■ **SOURCE MATERIAL**:
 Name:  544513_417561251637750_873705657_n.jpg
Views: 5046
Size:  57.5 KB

...

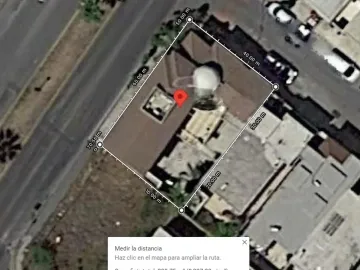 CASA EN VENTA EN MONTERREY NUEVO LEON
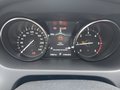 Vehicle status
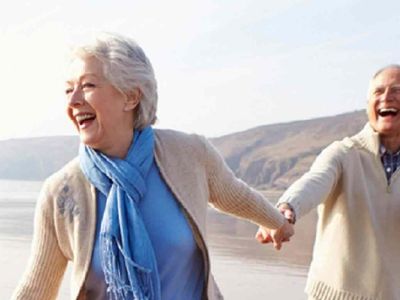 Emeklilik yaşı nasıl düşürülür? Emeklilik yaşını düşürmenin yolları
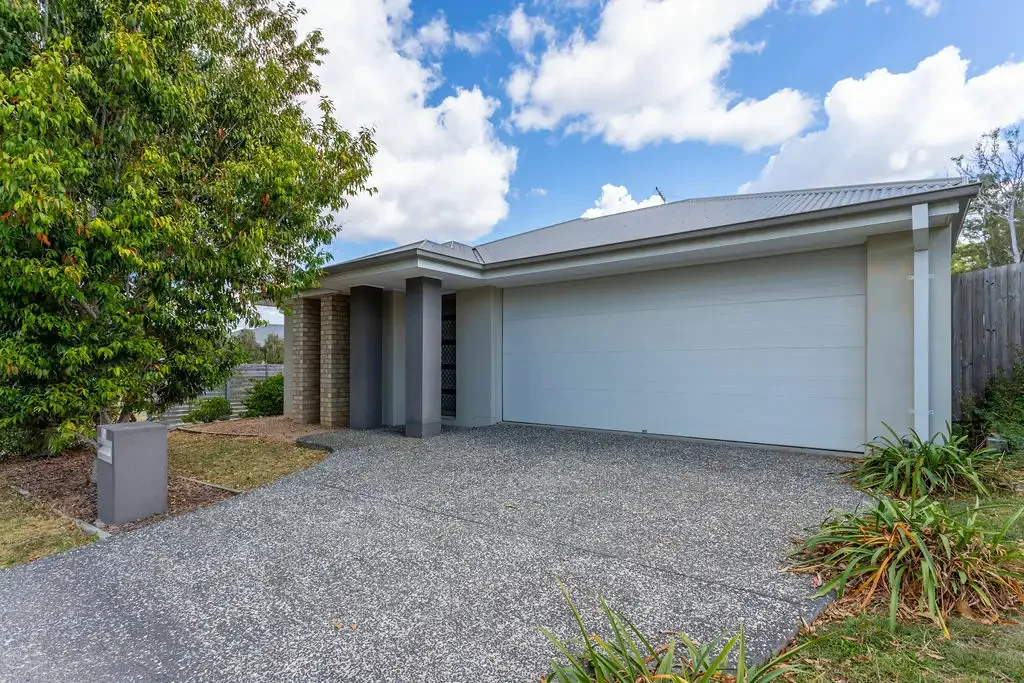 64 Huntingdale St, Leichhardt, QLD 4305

■ **WORK ITEM**:
Pictures excluded, give again exactly and only the lines of the material above from the line with "CASA EN VENTA EN MONTERREY NUEVO LEON" through the line with "64 Huntingdale St, Leichhardt, QLD 4305".

■ **OUTPUT FOR THIS TASK**:
 CASA EN VENTA EN MONTERREY NUEVO LEON
 Vehicle status
 Emeklilik yaşı nasıl düşürülür? Emeklilik yaşını düşürmenin yolları
 64 Huntingdale St, Leichhardt, QLD 4305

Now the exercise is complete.